Halfway through my stay, as I began to recover I was transferred to another ward, which I will call ‘B’. I was immediately greeted by the senior nurse who expressed horror at the sight of the tube hanging from my arm and insisted on its replacement. This was a surgical ward, and it was quieter, but only at first, and it soon filled up completely with post-operative patients and quite a few people as disabled as those I had shared a room with before. Everyone there introduced themselves with ‘Hello my name is’. I became visible again- as a person who was sick and needed care and assistance. Each day my bed was remade and I was able to get back into it if I needed, as I was still utterly exhausted. This was the NHS that I recognized but it felt as though I had been moved to a different hospital – not just to another floor. The mattress was even more comfortable (this was not a halo effect- my lower back no longer required a supporting pillow!). I was assured that beds were the same, yet it seemed to me that the people most at risk of pressure sores were sleeping on the oldest and most worn in the hospital. I also realised that the floor of ward B, unlike that in ward A, which had caked on dirt by the side of my bed, was actually clean.

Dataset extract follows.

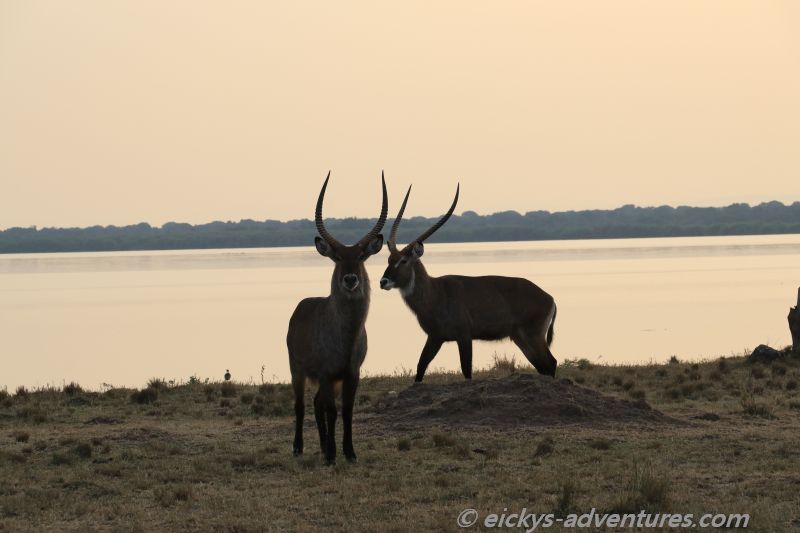 Wasserböcke am Lake George Wasserböcke am Lake George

I hate to criticize the NHS. I spent my life working in it, and I do believe it is the best health care system in the world- but I don’t think that means we should assume that all of its failings are related to lack of money and understaffing. I’ve worked in and researched health care long enough to know that isn’t true. From treating NHS employees with mental health problems who were bullied or excluded by managers and staff cliques, I know how much culture and management play a part in how effectively a unit operates, and how leadership style is crucial. That I only once saw a senior nurse in my time on ward A- and I and my fellow patients were invisible to her, was, I believe a contributing factor in why ward A was failing to provide the care it aspired to. In ward B the senior nurses were regularly seen around the unit and were approachable to patients and relatives.

After 2 weeks, I was discharged home where I am still slowly recovering. My bruises are disappearing and my desire to do something to change things has returned in force. I’m not good at being invisible- it’s a life long problem. I will be writing to the Chief Executive of the Hospital Trust … and also suggesting that if any of the Board are in doubt about the state of the beds in ward A they should be invited to spend a night (or two) in them.